Armenia Surmounts New Challenges In Consolidating Democracy
A Summer of Unrest
This summer, the Armenian capital of Yerevan was rocked by two weeks of continued civil disobedience which began on the 17th of July, as 30 armed veterans, calling themselves “Sasna Dzrer” (after the Armenian epic of the same name), crashed a dump-truck through the gates of a police depot in the Yerevan district of Erebuni. A brief gunfight lead to the death of 3 police officers, and the capture of 8 hostages (including the infamous deputy-chief of Police, Valery Osipyan) ending with the gunmen’s surrender on the 31st of the same month.
The gunmen, most of which are celebrated veterans of the 1990-1994 Karabakh War, have called for the liberation of Jirair Sefilian, a fellow Karabakh War commander-turned-activist, who heads a fringe political faction known as the Founding Parliament. The hostage-takers initially also called for the immediate resignation of President Serj Sargsyan and Prime Minister Hovik Abrahamian as a precondition for further negotiations, before dropping this condition entirely.

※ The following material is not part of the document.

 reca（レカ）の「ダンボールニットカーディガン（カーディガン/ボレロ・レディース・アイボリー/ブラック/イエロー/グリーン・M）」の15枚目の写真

In a press statement, the gunmen’s leader, the moustachioed Pavel Manookian, an iconic hero of the Karabakh War, expressed the motives behind the take-over: questioning President Serj Sargsyan’s legitimacy, and accusing him of having failed to improve the lives of the Armenian people.
A History of Taking up Arms for Justice
The hostage crisis has lead to considerable controversy and division amongst the Armenian public, tapping into deep-held resentment against the current government. This spurred vivid discussions within society between those who considered these acts to be terrorism, or vigilantism, and others who saw their actions as necessary, or even heroic; echoing Palestinian leader Yasser Arafat’s famous adage: “One man’s terrorist is another man’s freedom fighter”.
Armenian culture is permeated with stories of small groups of desperate radicals, armed with bravado, fighting against immeasurable odds for the sake of liberating the Armenian nation. Indeed, the name which the gunmen have adopted invokes the memory of the 6th-century Armenian epic, “The Devils of Sassoun”, which chronicles the feats of the indomitable Sassountsis, who for generations fiercely defended their autonomy from Arab invaders.
The notion that desperate means call for desperate measures has long resonated amongst Armenian revolutionaries, culminating in hostage crises, all similar to this one, including the 1896 occupation of Bank Ottoman, the 1983 Lisbon Embassy take-over and the 1985 Turkish embassy take-over in Ottawa.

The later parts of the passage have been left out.